I think some of us have trouble with the gifts of the Magi. They are so expensive and extravagant. Surely they are beyond us? Or maybe we don’t want to be challenged. So we resort to ancient explanations that the gold symbolises Jesus’ kingship, the frankincense his priestly role and the myrrh his death. We do so, despite Matthew never claiming that meaning in the text and despite none of the major commentaries seriously entertaining that interpretation.

But perhaps the key to understanding this example of devotion is not the contents but the container, not the gifts but the treasure box. The Magi ‘[opened] their treasure-chests’ (verse 11), and I think that is the call to us. What are our treasure chests? What are the things we treasure – which might be money, possessions, talents or a whole lot of other things? Our treasures may well not be gold, frankincense or myrrh, but there are aspects of our lives that are inordinately precious to us, and the Christian disciple lays them down before Jesus as an act of worship and commitment.

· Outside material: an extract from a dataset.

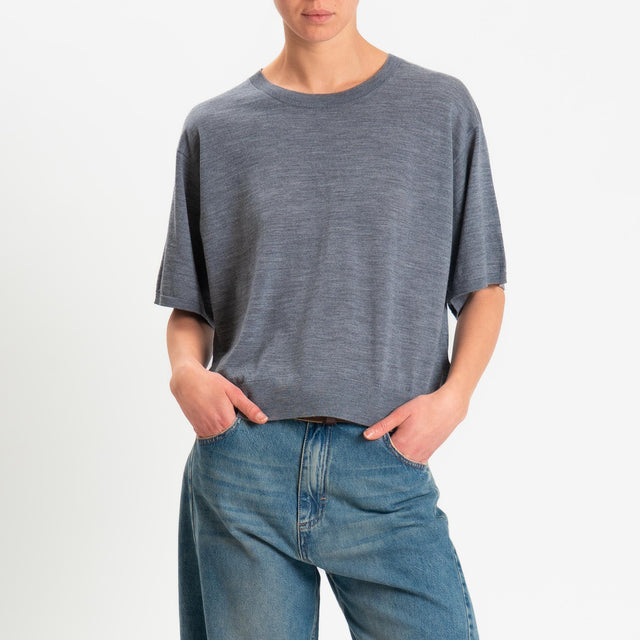 Motel-Maglia mezza manica 100% LANA MERINO - grigio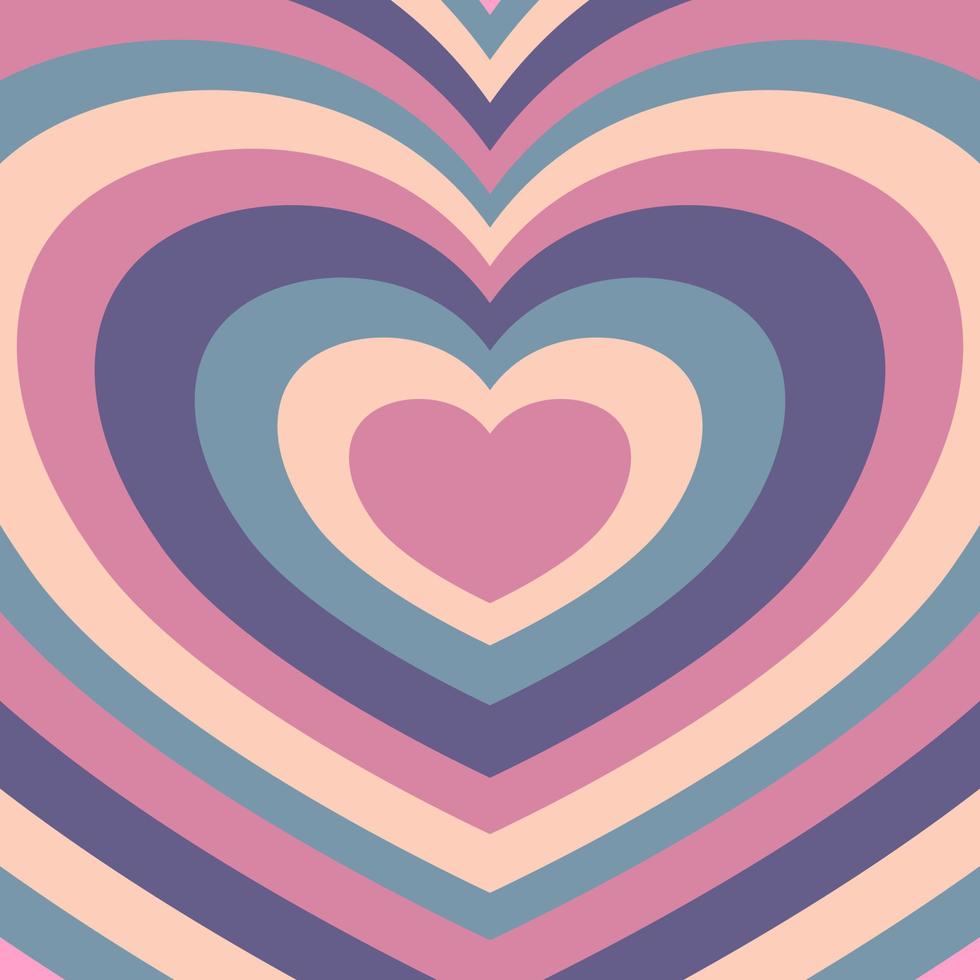 Heart shaped concentric stripes vector background. Girlish romantic surface design. aesthetic hearts backdrop.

I believe that is something well worth thinking about as we make our solemn vows again this year in the traditional words of the Covenant Prayer. Our treasures may not be just money, talents or possessions. They may be people, ambitions or dreams we have had for our lives. All these we bring to the feet of Christ and say, “Here is all that is most precious to me. I offer it to you. Use it as you will.”

That was what made the Magi different. Herod was desperate to clutch tightly onto what he considered to be rightly his. The chief priests and scribes had great intellectual gifts, but those talents were not offered to the true King of the Jews. They were just intellectual dilettantes, not servants of God’s kingdom.

There may be ways in which our churches are mixtures of mini-Herods, priests and scribes and Magi. We have little Herods who secretly find Jesus a threat to their whole way of life. We have priests and scribes who are full of religious knowledge but empty when it comes to practical obedience. But we also have Magi, people who may not be the likely suspects but who actually are more committed to Jesus Christ than anyone else in the neighbourhood.

But in truth, each one of us may be a mixture of the three. Sometimes we are antagonistic towards what Jesus wants of us. Sometimes we are apathetic. And sometimes – thankfully – we are as passionate for Christ as the Magi were.

Let us identify these different aspects of ourselves this morning, so that we may put aside our Herod tendencies and our priestly and scribal complacency, in order that we may renew our to listen for God’s will and obey it the best way we know how; to strike out on the pilgrim way, even if that means going far from what we would call home; and to offer our treasures in devotion at the feet of Christ.

May that be the attitude of our hearts in a few minutes’ time, when we come to recite again the – truly – awesome words of the Covenant Prayer.